Apologies to Forrest Gump!
Chocolate cookies were the order of the day when approximately 50 South Australian Matriculation teachers from Taylor’s College got together recently to explore rubrics.
I was inspired by a lesson I saw on teachervision.com and decided to introduce the idea of rubrics, and more importantly, students co-creating rubrics, using this lesson plan and some of my own chocolate chip cookies.
Now this is easier said than done! Not the lesson planning part–but the cookie baking part. It is a long time since I baked chocolate chip cookies! Unfortunately this once weekly ritual when my children were young has long since passed. I am happy to say though that the cookie gods were in my favor the evening I baked cookies for this workshop. My husband of course was the most willing of guinea pigs. On cookie number 5 he asked if I could make them crispier–a question that almost got him banished from the kitchen for good.

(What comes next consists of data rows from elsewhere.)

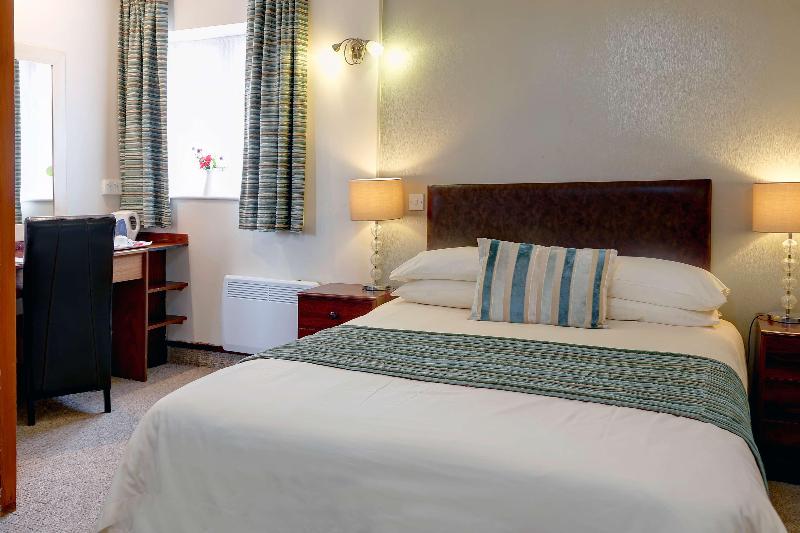 Best Western Compass Inn - Oda
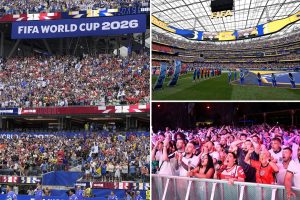تم تصنيف ملعب ميتلايف في نيوجيرسي من بين أسوأ ملاعب كأس العالم لكرة القدم في الولايات المتحدة
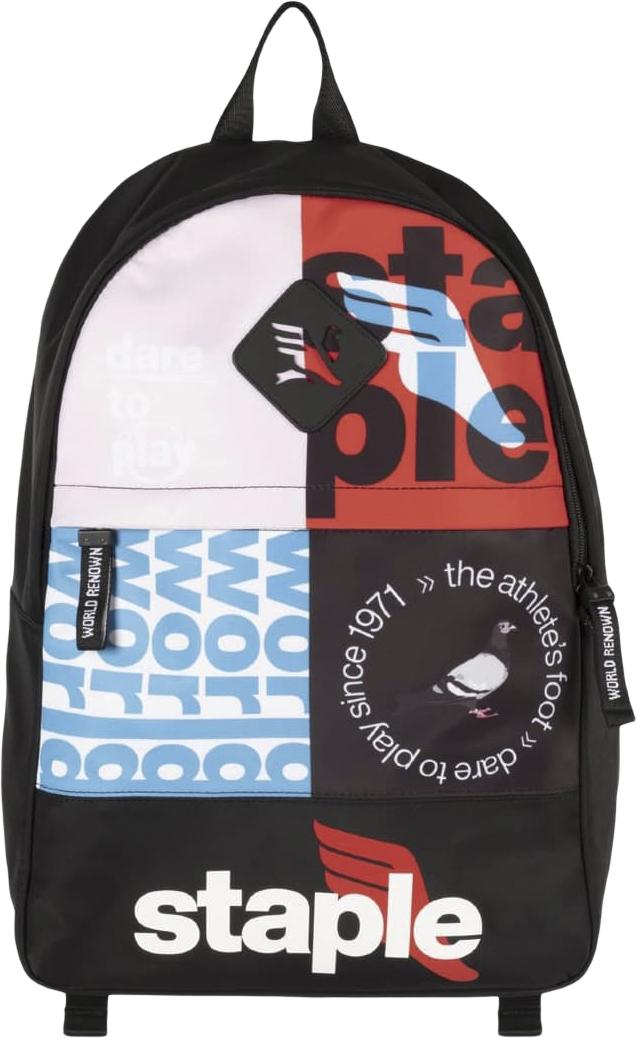 Staple X Taf Backpack fra Tafxstaple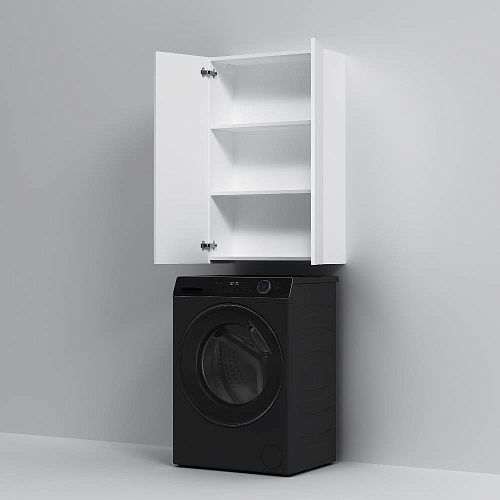 Шкаф AM.PM X-Joy M85CHX0602WG навесной с дверками, 60 см, белый Шкаф AM.PM X-Joy M85CHX0602WG навесной с дверками, 60 см, белый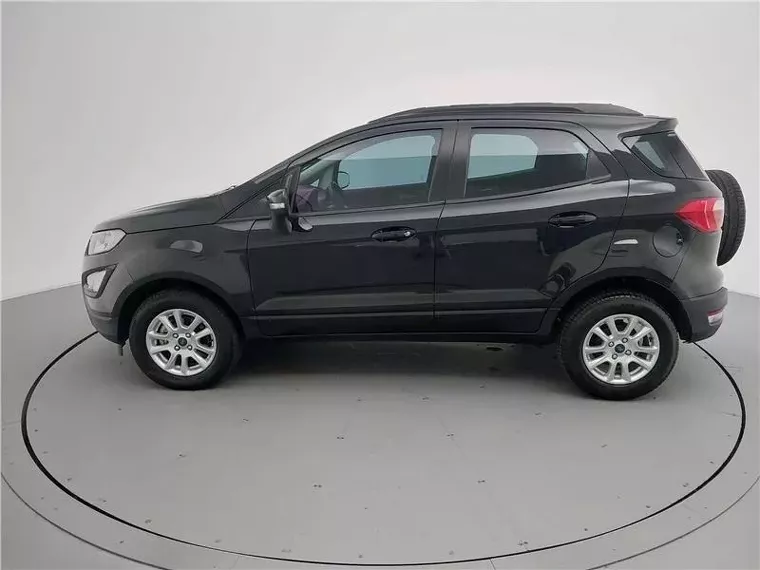 Ford Ecosport Preto 14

So I arrived at the workshop with cookies in tow. Initially the teachers thought I had just baked a treat for them and many had eaten their cookie long before the rubric-making began. Together we gathered suggestions about what some of the qualifiers for ‘the ideal chocolate chip cookie’ would be. Of course in trying to model a 21st century classroom I certainly did not simply ask the question but gave the teachers a mini wipe off board and led them through a Think-Pair-Share before eliciting the qualifiers from the group of them. We then created the rubric together as a whole group before the same pairs used the rubric to assess my chocolate chip cookie.
There are many benefits to co-creating rubrics with students. Students develop a deeper understanding of the criteria and what is expected of them. This goes a long way to teach them to monitor their progress and become independent learners. Often the rubrics that come with a set of curriculum expectations are very generic in nature and not very student friendly. They need to be much more specific so that students can not only relate to them but use them to self-assess and determine their own next steps. Rubrics need to be in a language that is meaningful to students rather than couched in complicated terminology used by policy and curriculum makers.
The rest of our workshop time was spent working in groups to examine some ways we can make rubrics more specific and student-friendly. Teachers were left with the challenge of looking at rubrics they have used in the past to assess a task and consider revisions that make these rubrics more specific and student-friendly.